The concern I have is that someone with administrative access could remove everyone else's administrative access, change the contact information, and lock us out of our accounts. If the person also eventually manages the employee benefits, they could cancel employees' benefits. I trust the current office assistant not to do any of this, but I'm concerned that a future person hired for this position might do so, especially if we continue to grow. (What if a con artist passes our interview process?)

How much power do you give your part-time employees over the administration of your company? Are my concerns reasonable, or am I just being paranoid?

Part Time Employees

asked Jan 11 '13 at 05:34
173 points
  • Clarifications: the company is a private corporation. The assistant is not a signer on any of the financial accounts, but has everyone's corporate credit card number, verification number, name, and billing address. – User1662 11 years ago
  • why? Why not just give her her own credit card? What's the point of having names on credit cards if all of them are used by a single person? Needless to mention, that might be a violation of the credit card agreement and may make it harder to deal with fraudulent activities. – Littleadv 11 years ago
  • Believe me, I've complained about the credit card situation numerous times. My understanding is that we have a limited pool of credit to be split across everyone's cards. There are often times when no single card has enough available balance for an entire month's purchasing. If we were to reallocate credit to optimize for the assistant's use, we would still have to change the allocations every couple of months since several of us travel for various meetings and events throughout the year. – User1662 11 years ago
  • ever heard of "reimbursement"? Travel? Pay with your own credit card, bring receipts, get a check before the statement closes. Why do you need a company credit card for that? – Littleadv 11 years ago
  • Bottom line, it looks like you're not the decider on the issue. Talk to your controller/CFO on what has to be done, and if you're a shareholder - raise the issue at the next shareholders meeting. This should be of a concern to the board and the officers, as they're the liable ones in case of a problem. – Littleadv 11 years ago
  • Reimbursement works for some people, but it's a hassle because not everyone remembers to get receipts, or they forget to report their expenses. – User1662 11 years ago
  • and why don't you have the same problem with company credit cards? On the countrary, forcing people to claim reimbursment will improve your spending control and accountability, and will prevent small (or large) scale embezzlement and fraud. – Littleadv 11 years ago
  • @littleadv I don't understand the question. On a trip, they use their company cards to pay for everything, and don't have to worry about reimbursement. In contrast, without a company card, someone might accumulate 20-30 receipts that they need to keep track of, and some places only issue receipts upon request. Also, the burden of $1000-2000+ in airfare, hotel, car rental, and meals can be a bit much to ask of some employees--frankly, it isn't the company's business how much available credit an employee has on his/her personal credit card. – User1662 11 years ago
  • well, its a discussion not directly related to your question, so lets leave it at that. – Littleadv 11 years ago
  • No you are not being Paranoid, its good that you think a lot, but i am thinking that, why do you have all the credit cards and accounts of other staff with you, since this a private company , but still the credit cards must be with the employees,and i would like to suggest you that, money is the biggest cheater, so you can't rely on anyone including yourself in the matter of money. – Luis Mier 11 years ago

1 Answer


Never have a single person with administrative privileges on your accounts. Always have at least two (for example, the person actually doing the work, and the controller or the CFO).

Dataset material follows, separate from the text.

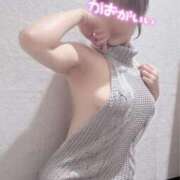 ヒメ日記 2026/01/29 12:17 投稿 つきひ 新宿プチドール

Also, make sure all the accounts are in the name of the business entity. The person with the administrative access is a mere representative, if the assistant abuses the power you can fire that person and reinstate all the access privileges. Since the account belongs to the entity, some matters will require an entity decision (for example - board meeting resolution, change in the LLC operating agreement, etc). Banks require proofs of such changes before doing anything (for example, changing account ownership).

If you can set the accounts so that certain operations require more than one signature - do that. That would limit a possibility of embezzlement or fraud.

These are checks and balances that should be implemented in your company. Public companies must have certain checks and balances, but private companies are not required by law. Still, you can chose to implement some that would not make your life too complicated, yet will make you more secure. You can ask your accountant for more specifics. Many accounting firms provide advisory services to help with exactly these issues.

You're not being paranoid. You're asking the questions you should be asking.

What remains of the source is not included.